We will write our own history

Professor Jenna Weissman Joselit, teaches Judaic Studies and History at The George Washington University. She chronicles the development of the Jewish community in the United States. She recently wrote a short essay about the history of Jewish day schools in America. It was not an argument on behalf of day schools. Nor was it a polemic against. It was, simply, a brief outline of the rise of day school education as one among many of mainstream educational choices within the community.

The sub-headline of the essay captures its gist. “Once demonized as the community embraced public schools, they [day schools] eventually came into their own by teaching ‘Judaism and Americanism’ side by side.”

As in most new communities in Western societies where Jews arrived in the late 19th and then 20th century and then tried to integrate into the mainstream majority society, Joselit notes that “America’s Jews understood all too well that the public school was both the ticket to modernization and the price they had to pay to become full-fledged Americans.”
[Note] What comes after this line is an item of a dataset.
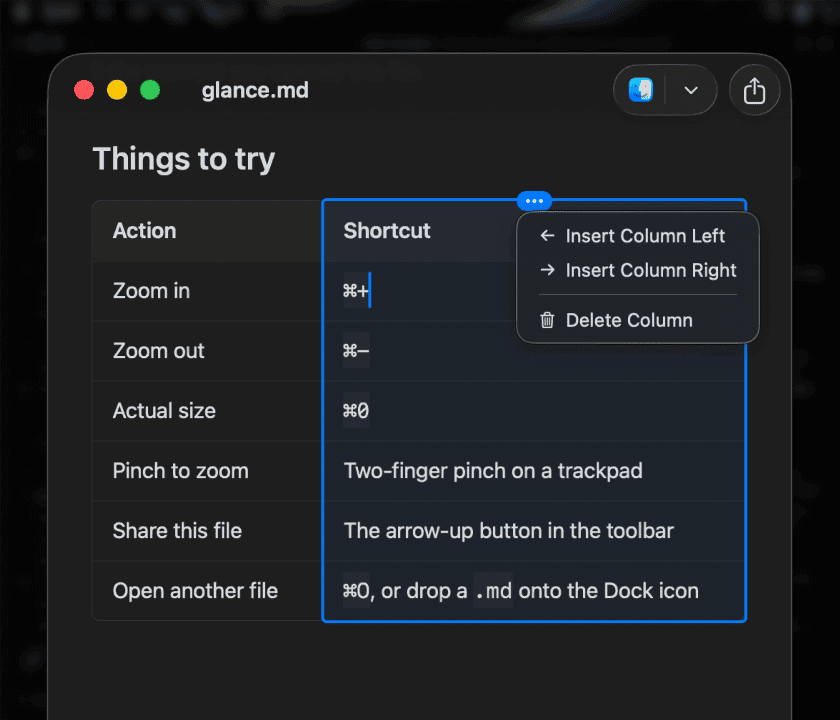 Glance screenshot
Not surprisingly therefore, public school education was embraced by the newcomers.

Some years later, as immigrants grew more accustomed to and secure in their surroundings, certain individuals decided to assert and preserve their religious identity by embarking on a new approach to education, in the form of intensive day school education.

“It took enormous vision, leavened by a giant leap of faith, to imagine a Jewish educational institution that could hold its own against the mighty public school and do right by American-born boys and girls, all the while offering first-rate instruction in Jewish subjects.”

Joselit describes the difficulties in initiating Jewish day schools and the opposition to doing so in certain circles. But despite the long odds in making day schools happen, Joselit writes: “Little by little, though, something started to give: Jewish day school education became an increasingly attractive option. Between 1917 and 1939, American Jews established 23 such institutions in the greater New York metropolitan area alone.”

Then Joselit makes note of one the key revelations that helped launch day schools throughout the United States: “What fueled their efforts was the sobering realization that hardly any committed or “sturdy Jews” emerged from the prevailing system in which Jewish education played second fiddle to the public school. (Our emphasis)

“In the years that followed, especially in the wake of the Shoah and the rise of the State of Israel, Jewish day schools gained in both number and collective esteem. Once marginalized and derided, they came to be seen, in the words of the Orthodox Union, as the “most exciting and hopeful phenomenon in Jewish life in America. Statistics bore out that optimistic assertion, as did the emergence of Conservative and Reform-affiliated day schools. By the late 1990s, according to one census, American Jewry could boast nearly 670 Jewish day schools; the most recent tabulation, in 2013-2014, puts that number at 861.”

Since Joselit’s essay is intended as a historical survey about the advent of day schools in the United States, she offers no conclusions about their importance or impact upon the generations of young and future Jews. Nor does she attempt to make the case for day schools.

Pointing to the obvious and widely acknowledged stumbling blocks to the further growth of days schools in our times, such as the “exorbitant costs” and the “decreasing denominationalism” among Jews, Joeselit concludes with a shrug.

“It’s anyone’s guess as to what the future holds.”

•••

By making Jewish education in the GTA affordable––starting with day school education––we have the opportunity to actually determine what the future will hold in our community.

We have the opportunity to write our own history. It is imperative that we do so.

•••

Shabbat Shalom. Mo’adim l’Simchah. Chag samayach.